At this point, I would normally think about assessments. Obviously there are some concrete things that I can use to measure my progress here — checking those books off my list, attending the workshops, getting the papers submitted, etc. — but more important to me is making sure that I have all of these tasks plotted out in a way that gives me specific things to work on each week to build toward the big goals. I also want to make sure that I’m not overloading any one week, because summer is also my time to rest and recharge. I’m not sacrificing that. In fact, by planning things out, I’m protecting my time and making sure that I put boundaries on how much work I want to do each week, but still making sure that I get it all done by September!
To do that, I decided to make a Gantt chart to plan out my summer timeline. I decided to break it up by week, because this gives me a lot of structure but still the flexibility I need — I hate feeling like I have to work on something when I’m not feeling inspired or motivated by that task (I know, I need self-discipline, but… meh), so I need that built-in flexibility so I can still choose between tasks to work on, but also the built-in structure to tell myself that all the tasks need to be done by the end of the week. It also means that if something fun pops up, like the opportunity to see a friend or a perfect beach day, I can do and do that and just move tasks to another day that week.

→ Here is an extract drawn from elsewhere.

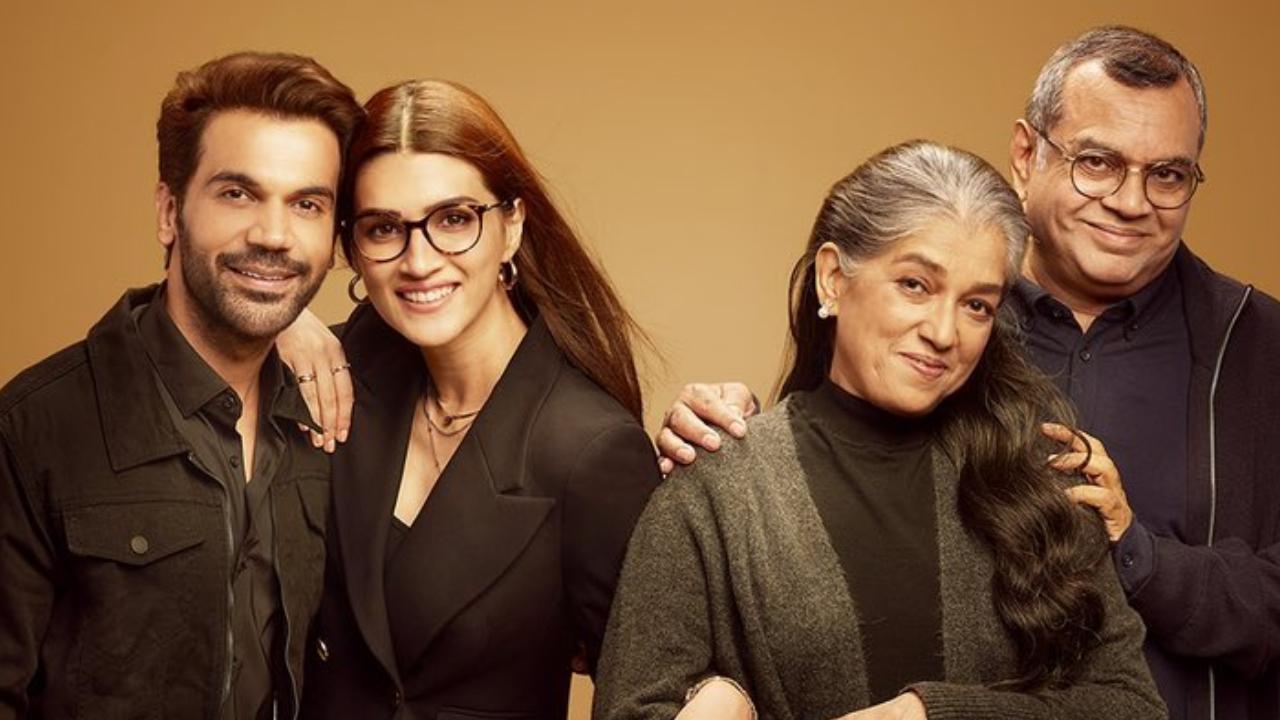 Hum Do Humare Do director Abhishek Jain: Family dynamics have changed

I ended up with this (tiny on purpose, because you don’t need all the messy details!):
Across the top are the weeks (Sunday to Saturday). Down the left side are subheadings and individual tasks for each. The cells are shaded grey to show when that task will be on my week’s to-do list. As I complete the tasks, I shade the cell green. The tasks in yellow are tasks for the current week. You can see here that I’m slightly ahead on one task (reading the book Pushout – I started early!) but everything else for this week is still yellow. You can also see that I have some unscheduled time in August. This gives me flexibility to add tasks that come up in the next few weeks or to reschedule tasks that get delayed for whatever reason (e.g. delays in IRB approval, working with collaborators’ schedules).
This is an experiment! I’m not writing this post to recommend this method to anyone or because I’m convinced it will work — I have never done this before. I do know that a lot of people on Twitter whom I admire schedule their time very carefully and it works well for them, so in part I have modeled this strategy on their examples. I’ve also made it mine, because I know myself. I’ve tried to avoid scheduling things so tightly that I will end up feeling disappointed if I can’t stick to it. By planning by week and being reasonable about how much I even want to get done, I think I am increasing my chances of success.
I do think that this is already paying off for me, though. For starters, I feel a lot more confident that I’ll achieve what I want to achieve this summer. It also came in handy today after I submitted final grades and then my mind went completely blank about what I should do next — I was able to open up this Excel file and make a plan for the rest of the week (the first thing was choosing gym classes!).
How about you? Do you like to go into summer with a plan, or play it by ear? Do you schedule your time down to the hour or minute, or prefer a looser structure?